Maye we can say that, Atlantis was the birth place of "western civilization", or at the very least gave birth to "greek type culture". A myth is only a myth until science proves it existed....and that will soon happen


----------



## Brian G Turner

An historical basis for Atlantis from the Plato story isn't far fetched - the volcanic destruction of the island of Santorini in the Med has long been suggested as a source, as has the flooding of what is now the Scilly Isles - once a major stopping point for Med traffic to Northern Europe.

However, the idea that there was an Atlantis with super technology beyond even the 21st century - that seems to go way beyond the remit of Plato, and essentially into the realm of fiction.

2c.


----------



## Parmenion

to be classed as advanced back then they onyl needed to have had bronze while others still had stone implements / tools

Has any one read david Gibbins atlantis?
the premise there was that atlantis was based in the black sea, the pillars of hercules (mentioned by plto) is the bosphorus straight and the cataclysmic deluge was when the med broke through the bosphorus gap.

and the premise that atlanteans helped found other nations or helped them grow, is the atlanteans migrating away from the dead sea , and its from this area that european language is possibly suposed to have origionated.

the book is a fun fictional piece but you can see where some of the details, well they do fit nicely.


----------



## Esioul

I'm not entirely convinced of the credibility of the author mentioned in the first post, nor of Hancock (sorry guys, I have these points of aaaaaagh). 

It seems bizarre if Atlantis was so important that it was never mentioned in any other contemporary or slightly later texts (unless you count Plato).
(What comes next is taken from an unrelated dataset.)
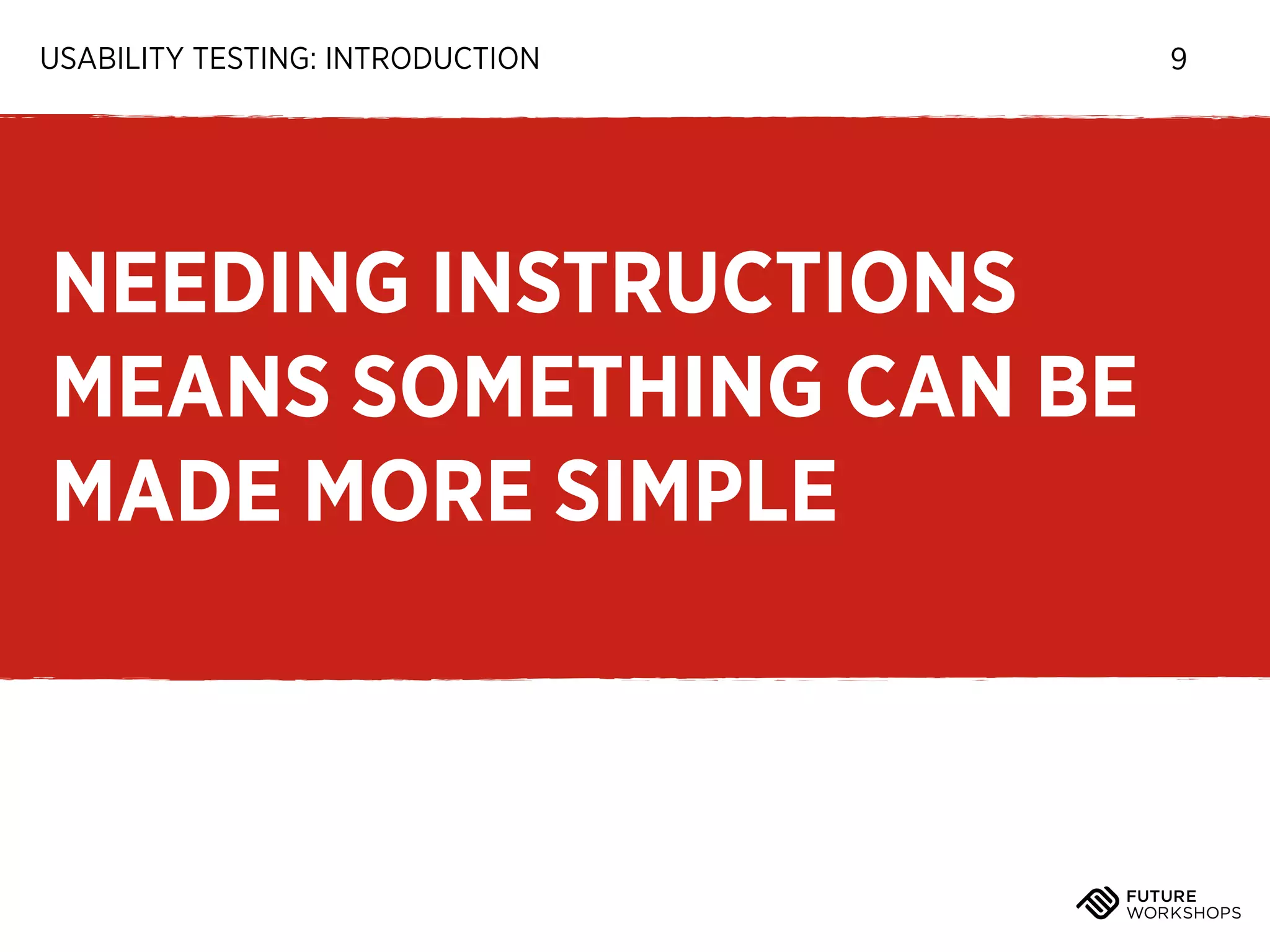 USABILITY TESTING: INTRODUCTION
If it existed, it surely would have taken part in the kind of trade which was going on around the whole area at the time and presumably would have been mentioned in economic records, or filtered through as a significant element in the myths of more than one culture/society/civilsiation.


----------



## Brian G Turner

No, Esioul - the secret masters kept it all otherwise secret from everybody except 20th century pulp hack writers.


----------



## Esioul

This thread has actually got to be a rather interesting example of how people view/obtain archaeology. Unfortunatly site reports etc which should (hopefully) contain the barest facts and no wild fiction aren't very interesting, nor very easily available, so it's through that kind of fiction that ideas etc are spread.


----------



## Spartan27

We can't say for sure that advanced tech. to rival that of our time existed their, but we can say the very thing about "from an engineering point of view"  how the pryamids were erected...There is evidence that points to the fact that large amounts of historical information and knowledge is missing. There is also some who believe there was at least one point in time that shows that the Sphinx was affected by water errosion. The carbon dating which indicates the presence of errosion from water dates back prior to the historical dates of the Trojan war, and coincedes to the happenings at Knossos. 
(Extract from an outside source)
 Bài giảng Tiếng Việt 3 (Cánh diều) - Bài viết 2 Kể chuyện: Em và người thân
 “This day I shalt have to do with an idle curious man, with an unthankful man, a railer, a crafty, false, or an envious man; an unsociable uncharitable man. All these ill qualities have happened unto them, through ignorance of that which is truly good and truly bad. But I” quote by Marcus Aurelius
This points to the Santorini blast and most probably the destruction of several civilizations simultaneously in the region via water flooding all at once (including the ones responsible for erecting the pryamids).


----------



## Parmenion

heavens mirror talks about the sphinx erosion as well and also a hidden room under it, ground surveys show there is one but there is no way in as yet.


----------



## Spartan27

There has been some new technology that can very accurately date when rock/material/stone has been removed from the ground. The Russians actually have perfected that process. 2 years ago a team of U.S. and russian geologists petitioned Egypt to do this new type of analysis on all of the pyramids and sphinx. They were denied access. Status qou likes the way history is (it appears).


----------



## Esioul

Spartan27 said:


> We can't say for sure that advanced tech. to rival that of our time existed their, but we can say the very thing about "from an engineering point of view" how the pryamids were erected...There is evidence that points to the fact that large amounts of historical information and knowledge is missing. There is also some who believe there was at least one point in time that shows that the Sphinx was affected by water errosion. The carbon dating which indicates the presence of errosion from water dates back prior to the historical dates of the Trojan war, and coincedes to the happenings at Knossos.
> 
> This points to the Santorini blast and most probably the destruction of several civilizations simultaneously in the region via water flooding all at once (including the ones responsible for erecting the pryamids).


 
The Trojan war is probably not a good point by which to compare dates.One certainly can't use Hoemr as a method of absolute dating, and you have to take Schliemann with a pinch of salt too. 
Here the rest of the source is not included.